Step 3: Add RAG for Personal Knowledge

# pip install langchain chromadb langchain-community

from langchain_community.llms import Ollama
from langchain_community.embeddings import OllamaEmbeddings
from langchain_community.vectorstores import Chroma
from langchain.text_splitter import RecursiveCharacterTextSplitter
from langchain.document_loaders import DirectoryLoader, TextLoader
from langchain.chains import RetrievalQA

# Load your personal notes/documents
loader = DirectoryLoader("~/Documents/notes/", glob="**/*.md", loader_cls=TextLoader)
docs = loader.load()

# Chunk and embed locally (nomic-embed-text via Ollama)
splitter = RecursiveCharacterTextSplitter(chunk_size=500, chunk_overlap=50)
chunks = splitter.split_documents(docs)

embeddings = OllamaEmbeddings(model="nomic-embed-text")
vectorstore = Chroma.from_documents(
    chunks,
    embeddings,
    persist_directory="./local_knowledge_db"
)

# Query your knowledge base with a local LLM
llm = Ollama(model="llama3.1:8b")
qa_chain = RetrievalQA.from_chain_type(
    llm=llm,
    retriever=vectorstore.as_retriever(search_kwargs={"k": 5}),
)

# Ask questions about YOUR documents -- entirely locally
result = qa_chain.invoke("What did I write about the team roadmap last quarter?")
print(result["result"])

# 100% private: your notes, embeddings, and LLM responses
# never touch any external server.

Step 4: OpenAI-Compatible Local API

Ollama exposes an OpenAI-compatible API on localhost:11434. This means you can point any existing application that uses the OpenAI SDK directly at your local Ollama instance with zero code changes:

from openai import OpenAI

# Point the OpenAI SDK at your local Ollama instance
client = OpenAI(
    base_url="http://localhost:11434/v1",
    api_key="ollama",  # Required but ignored by Ollama
)

response = client.chat.completions.create(
    model="llama3.1:8b",  # Any model you've pulled
    messages=[{"role": "user", "content": "Explain gradient descent simply."}]
)

print(response.choices[0].message.content)
# Works exactly like the OpenAI API -- just local and free.

# This means existing LangChain, LlamaIndex, and other frameworks
# that support OpenAI-compatible endpoints work with zero modification.

Advanced: Bypassing High-Level Tools with llama.cpp

While Ollama acts as a fantastic user-friendly wrapper, true local AI power-users eventually interact directly with the underlying llama.cpp framework to orchestrate precise quantization control and context window scaling (RoPE scaling).

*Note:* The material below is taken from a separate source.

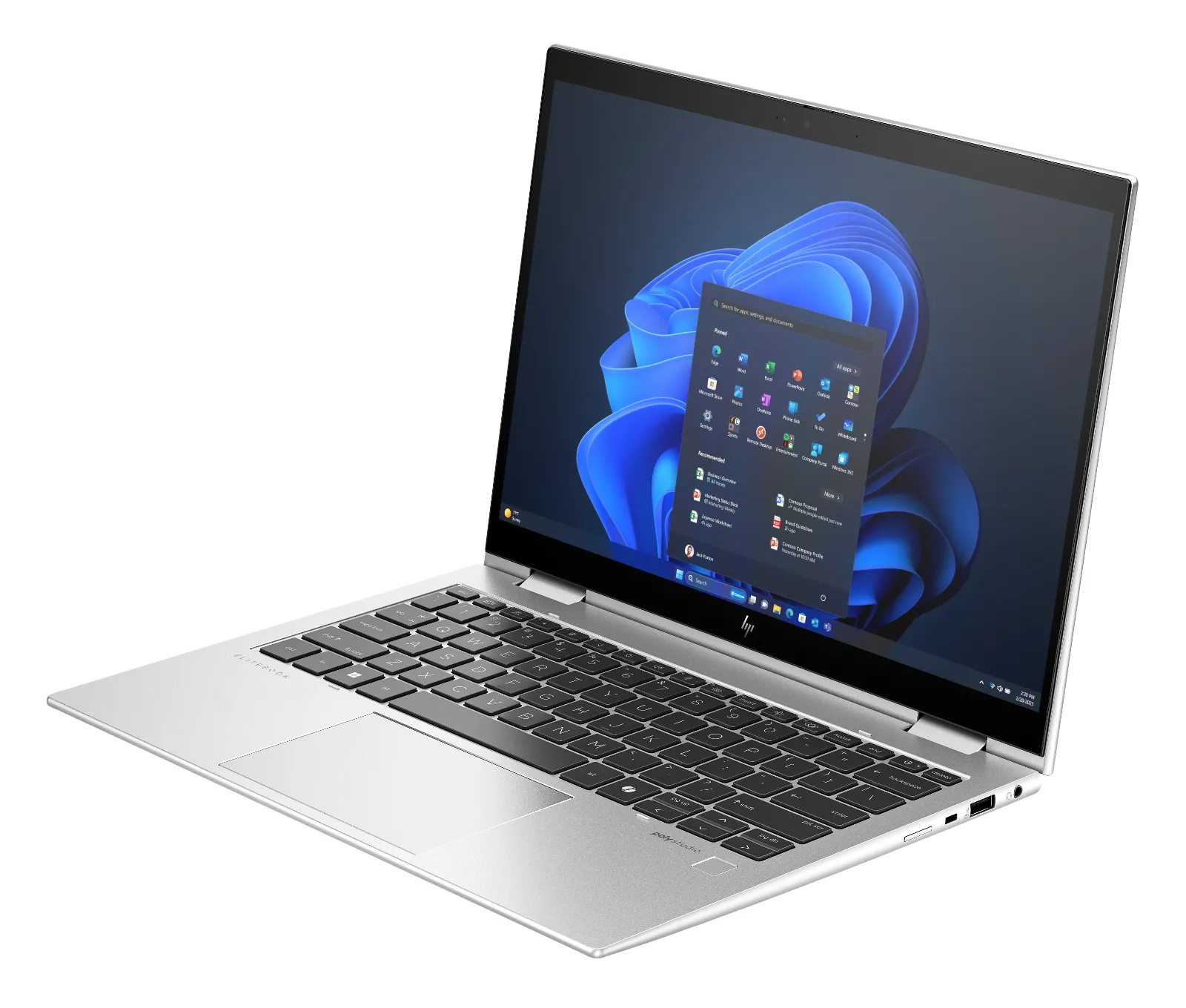 HP Elite x360 830 13 inch G11 2-in-1 Notebook PC, left side view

# 1. Download a raw quantized GGUF format model from HuggingFace
wget https://huggingface.co/bartowski/Meta-Llama-3-8B-Instruct-GGUF/resolve/main/Meta-Llama-3-8B-Instruct-Q4_K_M.gguf

# 2. Compile llama.cpp for Apple Metal (M-series GPUs)
make LLAMA_METAL=1

# 3. Serve an OpenAI-compatible API locally with strict context limits 
# -c = Context Window (8192)
# -ngl = Layers to offload to GPU (99 pushes all possible layers)
./server -m ./Meta-Llama-3-8B-Instruct-Q4_K_M.gguf \
         -c 8192 \
         -ngl 99 \
         --port 8080

Conclusion

Setting up a full, private, local AI assistant stack takes under an hour in 2026. Ollama for model management, Open WebUI for the chat interface, ChromaDB for local RAG, and the OpenAI-compatible API for integrations. The result is a system that runs on your hardware, costs nothing per query, works offline, and provides zero data exposure to third parties. For personal productivity, sensitive professional work, and cost-sensitive applications, this stack is production-ready today.